Тем же вечером наши старые немецкие друзья, доктор Б. с его женой, пришли навестить нас в сопровождении их сына-студента Оскара. Всё было в порядке, пока мы не упомянули Гитлера и текущую ситуацию.

"Только не здесь, не в гостиничном номере, – сказали они, понизив голос и беспокойно оглядываясь по сторонам, будто боялись, что где-то мог быть спрятан подслушивающий аппарат или что всё вокруг заминировано. – Приходите к нам завтра на ужин, и тогда мы сможем проболтать весь вечер".

Тем не менее даже там, в уединении своего собственного дома, они вели себя нервозно и во время трапезы старательно избегали упоминания Гитлера и всех других, связанных с чисткой. Только позже, когда мы, перейдя из столовой в кабинет доктора, комфортно устроились в огромных мягких креслах вокруг другого стола, уставленного всевозможными сытными десертами и очередными чашками с кофе, фрау Б. со вздохом облегчения заметила: "Ну что ж, мои дорогие друзья, тут гораздо лучше.
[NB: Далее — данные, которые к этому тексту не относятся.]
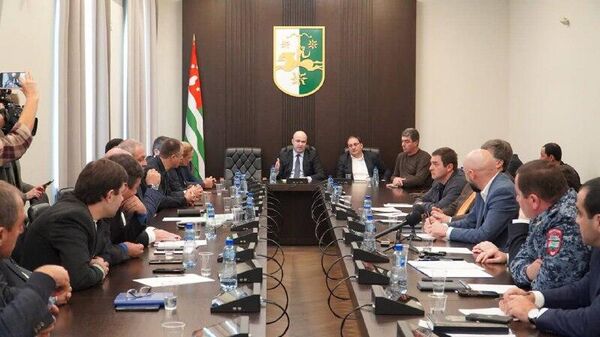 Расширенное заседание комитета по обороне и национальной безопасности прошло в Парламенте Абхазии 12 ноября - Sputnik Абхазия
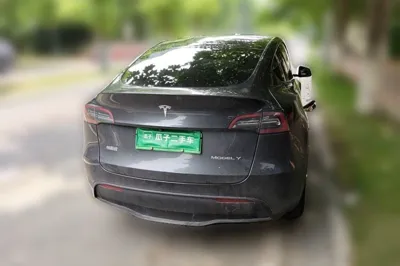 Tesla Model Y 2024, 72700 км, за 220299.25 CNY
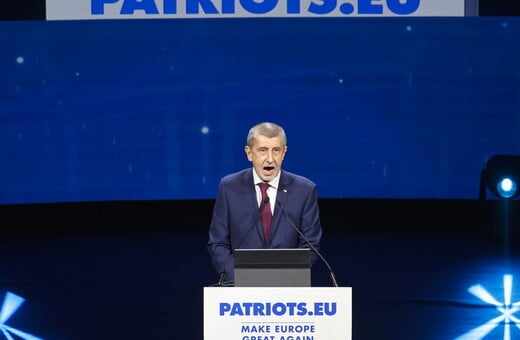 Επίθεση με μπαστούνι δέχτηκε ο πρώην πρωθυπουργός της Τσεχίας Αντρέι Μπάμπις – Μεταφέρθηκε στο νοσοκομείο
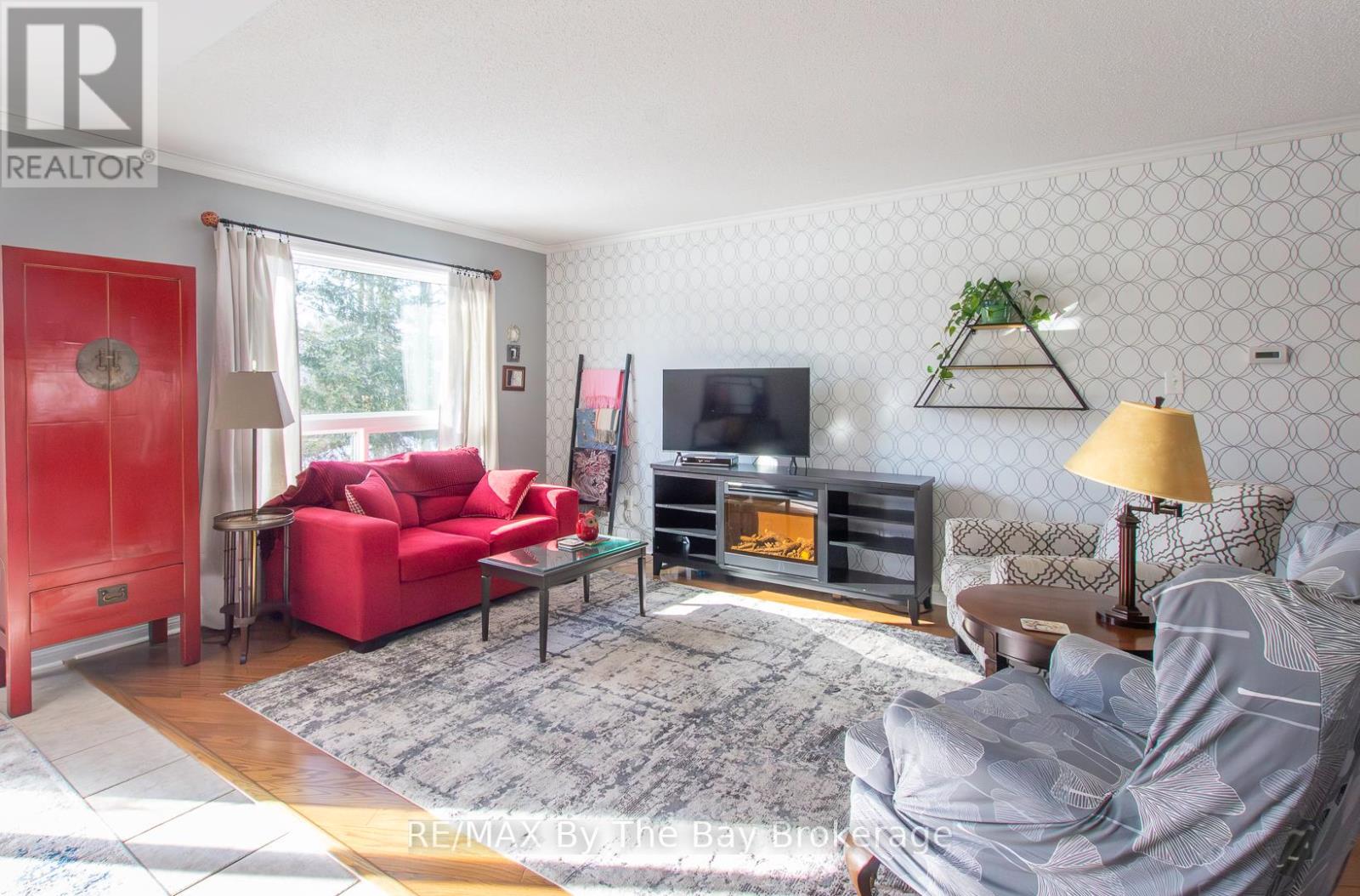 70 Rose Valley Way, Wasaga Beach, Ontario  L9Z 3C4 - Photo 7 - S12842954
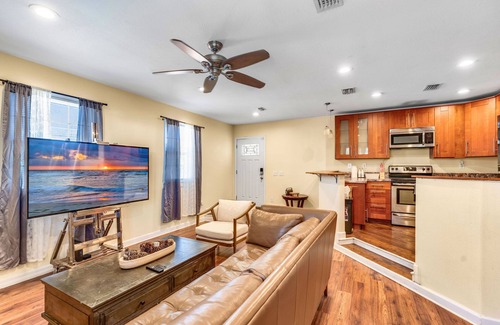 Apalachicola Casa | Gulf Breeze Home Away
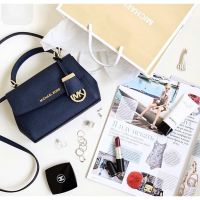 (แท้) MK Micheal Kors ava xs  Crossbody Leather 7.5 สีน้ำเงิน navy **สินค้าอยู่ไทย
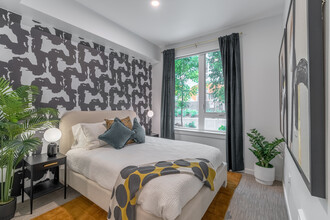 The Piper in Redmond, WA - Building Photo - Interior Photo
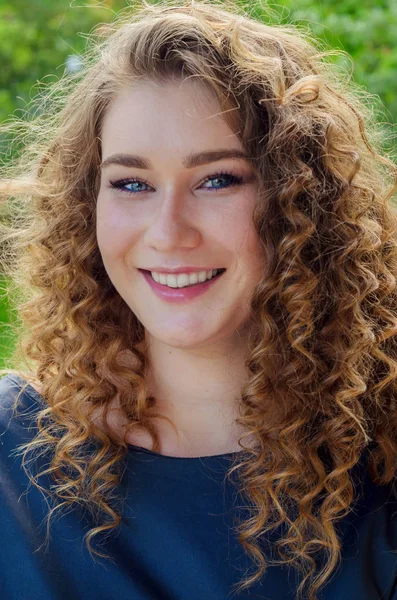 Retrato de uma mulher com cabelo encaracolado chique e blu luz bonita — Fotografia de Stock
Теперь мы одни – даже служанка ушла – и сможем спокойно поговорить".

"Но к чему весь этот страх? – спросил Вик. – Неужели в Германии напуган каждый дом?"

"А что бы вы сами почувствовали, если б в Америке внезапно были убиты мистер и миссис Гувер, а также несколько сенаторов и конгрессменов, высокопоставленных армейских офицеров и губернаторов штатов, и всё это случилось бы без каких-либо предупреждений за одну ночь? Вы бы тоже испугались".

"Но я не могу поверить, что американский народ спокойно бы к этому отнёсся. В конце концов, у фон Шлейхера – бывшего канцлера и генерала рейхсвера – должны быть тысячи друзей. И когда хладнокровно убивают его жену вместе со многими другими людьми, занимавшими видные посты, о которых вам даже не потрудились рассказать, мне думается, что такая высококультурная, цивилизованная нация, как ваша, должна была бы возмутиться и протестовать".

"Но ведь рейхсвер, Гинденбург, пресса – все на стороне Гитлера, говоря нам, народу, что он спас Германию".